While major U.S. corporations have put the freeze on hiring and spending, there’s one category in which they are actively increasing their costs: Advertising.
To understand why, we look to Rance Crain in AdAge, who says big companies cut back on everything but ad spending last year.
“According to Kantar Media, the biggest marketers boosted spending 3.3%, while smaller advertisers cut ad budgets 6.6%,” says Crain.
For some companies, Crain postulates, the additional advertising helps them stay one step ahead of the competition in the marketplace, rather than investing in relatively expensive research and development as a way to innovate.
For others, it’s about rebuilding consumer confidence and trust that’s been eroding in the early part of this century.

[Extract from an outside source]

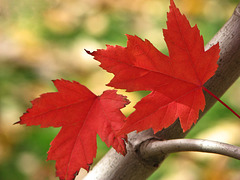 A Maple - at last!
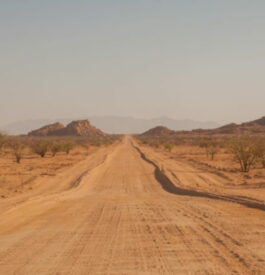 Aller en Namibie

“If consumers understand that companies are enjoying record profits (and in many cases record stock prices), while putting a freeze on hiring, corporations might want to depict themselves as sharing the values of their customers,” explains Crain.
He cites Marc de Swaan Aarons of Effective Brands when he says “It’s harder to get angry at companies that stand for what their consumers care about.”

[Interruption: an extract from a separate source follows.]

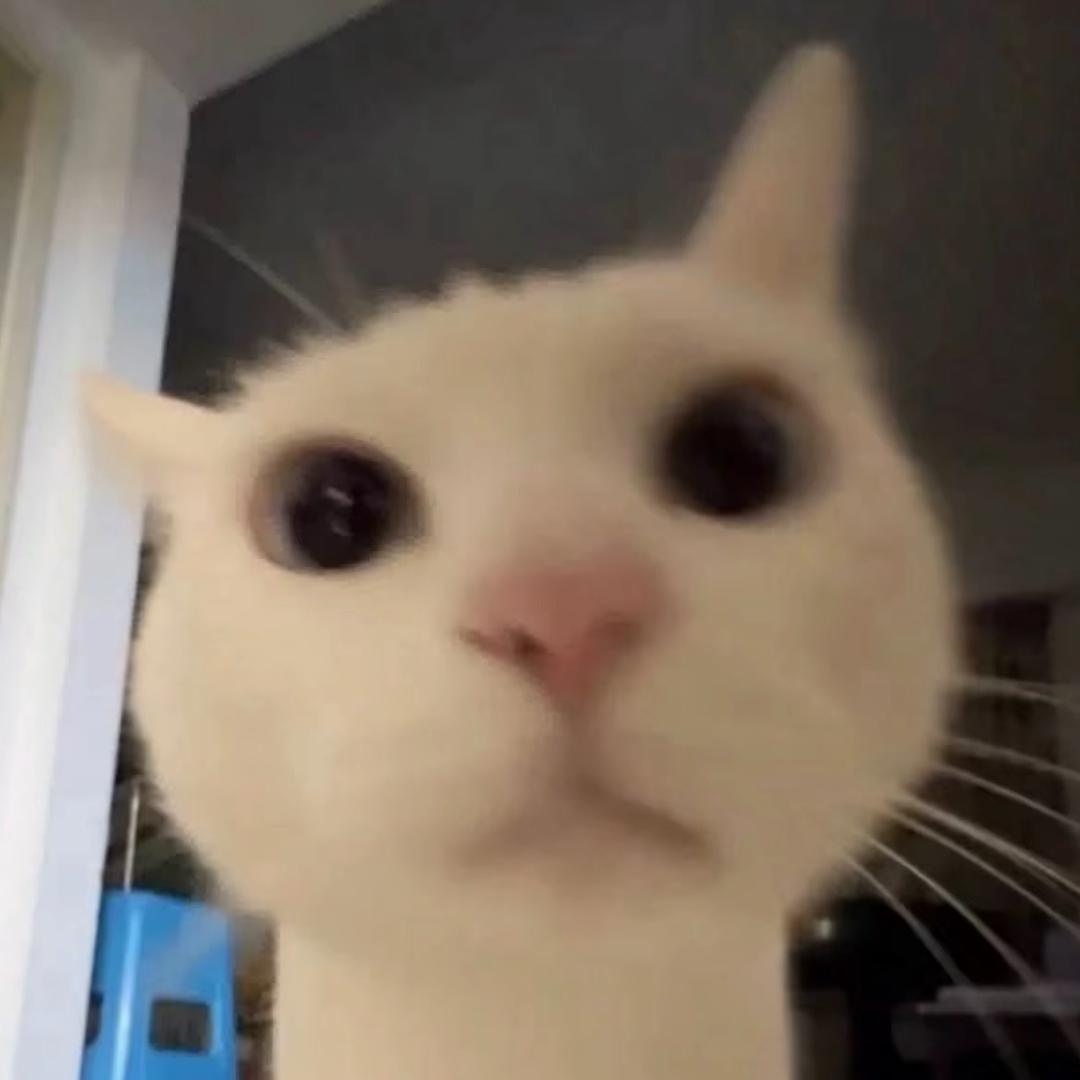 呵呵哒.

And with technology gradually replacing workers in many industries – particularly the automobile and airline sectors – advertising helps companies still look and sound like they are “putting America back to work” while investing in technology acquisition and the hires that go with them, rather than traditional jobs in those fields.

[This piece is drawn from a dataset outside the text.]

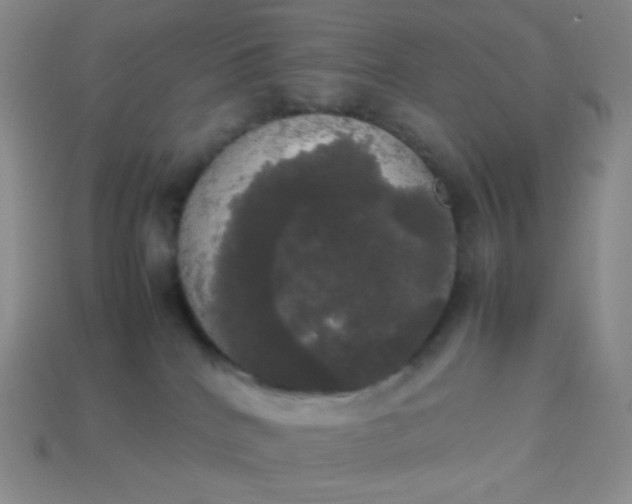 X0000113850040200910081655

Crain notes “…if you’re building fewer cars and flying to fewer places — and making more money than ever — you obviously don’t need to hire any new people. But by all means keep spending more on advertising so customers know that your heart’s in the right place.”
It’s a rather cynical view, but has some validity. Consumer confidence in these massive U.S. brands has been shaken, but we need to understand that with change comes new opportunity, and ultimately this is how these companies can truly regain our trust.